I find this project concept quite exciting because it incorporates many concepts I have been proposing and exploring for a long time. This is an urban development concept based on truly 21st century sensibilities, questioning the dominant presumptions about property, space, the role of architecture, and the role of inhabitants as creators and managers of their own habitat that characterize the inherent dysfunctions of contemporary cities. I have always wondered why cities are not designed with the practical sensibility of the network/data center–with a recognition of the simple reality that they persist as an application–an activity–in a constantly changing medium of hardware and technology. We are no longer limited by primitive construction technology with no means to adapt. Why then are cities commonly, physically, designed to dogmatically resist the constant evolution that is their very life-blood? It is this very resistance that is the root of their dysfunctions. The modern city is not a collection of architecture. It is not a physical thing. It is an epiphenomenon. An attractor to an emergent form, like consciousness is to the brain and like an operating system is to a cluster of computers.
Paracity’s architecture is most interesting in how it lays bare this paradigm. One might accuse it of being, superficially, a throw-back to the ‘plug in’ architecture of the ’60s, and perhaps this is one of the reasons for a choice of a more organic primary structural material rather than the steel frame and concrete systems of the past. But it is more like one of those transparent ‘visible body’ models that turns our perspective inside-out by bringing its urban backplane out into the open as an overt, visible, architectural feature to be embraced for its bounty of adaptive use possibilities. This habitat revels in its nakedness and its perpetually unfinished state.

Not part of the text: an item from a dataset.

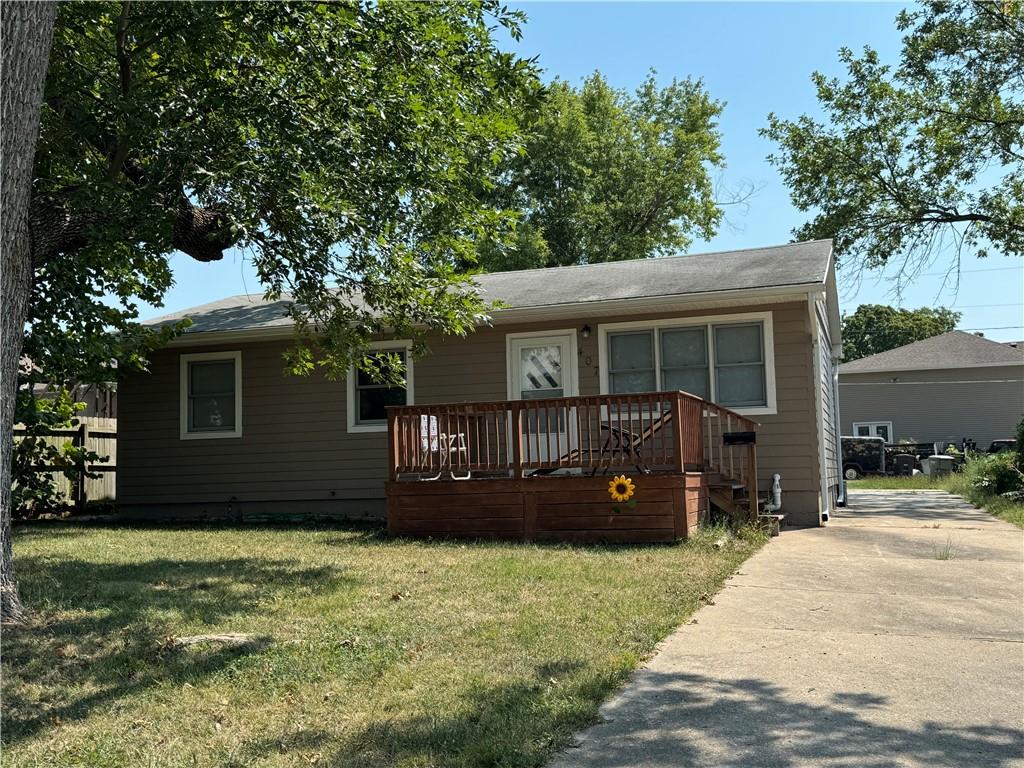 407 Central N/a Property Photo 2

The personal computer ran into an evolutionary rut at the time when it had the most diversity of systems architectures, their very deliberate and often pointless incompatibilities wielded like clubs by corporate interests vying for monopolistic control of market share. It was the old Industrial Age mindset abusing a Post-Industrial technology with its quaint notions of value and fuddy-duddy ideas about how money is supposed to be made. The industry had to be dragged kicking and screaming into the realization that market share was, in fact, keyed to interoperability rather than propriety. That the personal computer existed in a non-zero-sum ecology and made more profit the more you shared and cooperated. Today we have but a few, mostly open, mainstream personal computer architectures and more physical diversity in design, a more rapid pace of advance, and greater potential for personalization and customization than was ever imagined possible in the late 1970s and early ’80s.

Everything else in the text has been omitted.